Tomorrow, I return to the microfilm collection at UC Berkeley. This will be my last visit to that campus for a couple of years. And Friday, I will drive to Sacramento to visit the State Library of California. That will be my last visit to that institution this year. I don't have any other "research trips" planned for the next six or nine months. (If things work out - I may have to go to Washington D.C. next June, and may end up visiting the Library of Congress. . . . Most of my research trips piggyback onto business and family trips.) Otherwise, inter-library loans will continue to trickle in every couple of weeks, and I won't be burdening all of you so frequently with these dry library reports.

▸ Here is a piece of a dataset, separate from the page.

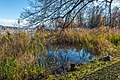 * Nomination Phragmites australis by the shoreline of the Wörther See on Hans-Pruscha-Weg, Pörtschach, Carinthia, Austria -- Johann Jaritz 04:10, 2 December 2023 (UTC) * Promotion  Support Good quality.--Agnes Monkelbaan 05:23, 2 December 2023 (UTC)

Here is a picture of my filing cabinet stuffed with Louise Brooks material. The fruits of my labor. I have four drawers filled with files on every Brooks' film, as well as files on significant topics (Denishawn, Ziegfeld Follies, Eddie Sutherland, G.W. Pabst, Lulu in Hollywood, obituaries, etc...).

Tuesday, August 23, 2005

The Legend of Rudolph Valentino

I watched another documentary. The Legend of Rudolph Valentino was made in 1982, and released on DVD in 2000. It is a pretty poor excuse for a documentary, and is mainly worth watching only for the little seen photographs and film clips it contains (early movies in which Valentino had a small part, Valentino's home movies, footage from Valentino's funeral, etc....) The details of the actor's life are only glossed over. And, there is so much footage from Blood and Sand and Son of the Shiek included that you feel as though you have watched each of those films!

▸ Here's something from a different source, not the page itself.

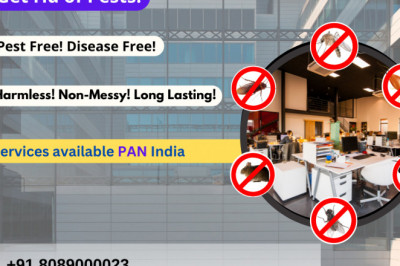 Pest Control Services in Cochin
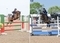 Ponies and Riders Shine in HOYS Qualifiers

p.s. The director of The Legend of Rudolph Valentino is Graeme Ferguson, who also directed the clumsy 1965 documentary, The Love Goddesses, which included Louise Brooks. Paul Killiam, another familiar name to Brooks' and silent film devotees, was co-producer.

Monday, August 22, 2005

Louise Brooks in Denmark

Here is a link to a nifty website called Louise Brooks in Denmark. It contains a few articles, a list of films, and audio file of an interview with the well known Danish film historian Ib Monty, and more. It is well worth checking out.

Sunday, August 21, 2005

A couple of days late

Apparently, Pandora's Box was shown on Friday. I just noticed this Spanish-language newsgroup posting. I am not sure if this screening took place in Argentina, or Spain. Does anyone know?

Viernes 19, 22.30 hs.
Ciclo de Cine Alemán-Cine Mudo-Música en vivo
"Lulu o la Caja de Pandora" (1928/29) de Georg Wilhelm Pabst
Centro Cultural Estación Provincial
Calle 17 y 71 - La Plata
Entada: libre

La obra que lanzó a la fama a Louise Brooks y la obra maestra de su director, Georg Wilhelm Pabst. Una obra clave de la Historia del Cine. Louise Brooks, que se impuso a actrices de la talla de Marlene Dietrich, interpreta a Lulú, una mujer magnética y hechizante, auténtica femme fatale, que hace que todas las personas que la rodean caigan rendidos ante su encanto, y con ello, caigan en la perdición. Todo ello dotado de una ambigüedad que nos hace dudar si Lulú es una mujer que se aprovecha de su belleza, o si, por el contrario, no es consciente de ella y son los demás los que se aprovechan de ella. A la maravillosa interpretación de Louise Brooks se une el extraordinario oficio de su director, el reputado Georg Wilhelm Pabst, que impregna esta película de una sobriedad y de un realismo que dota a todo el film de una verosimilitud y de un ritmo inteligente que sigue vigente 75 años después.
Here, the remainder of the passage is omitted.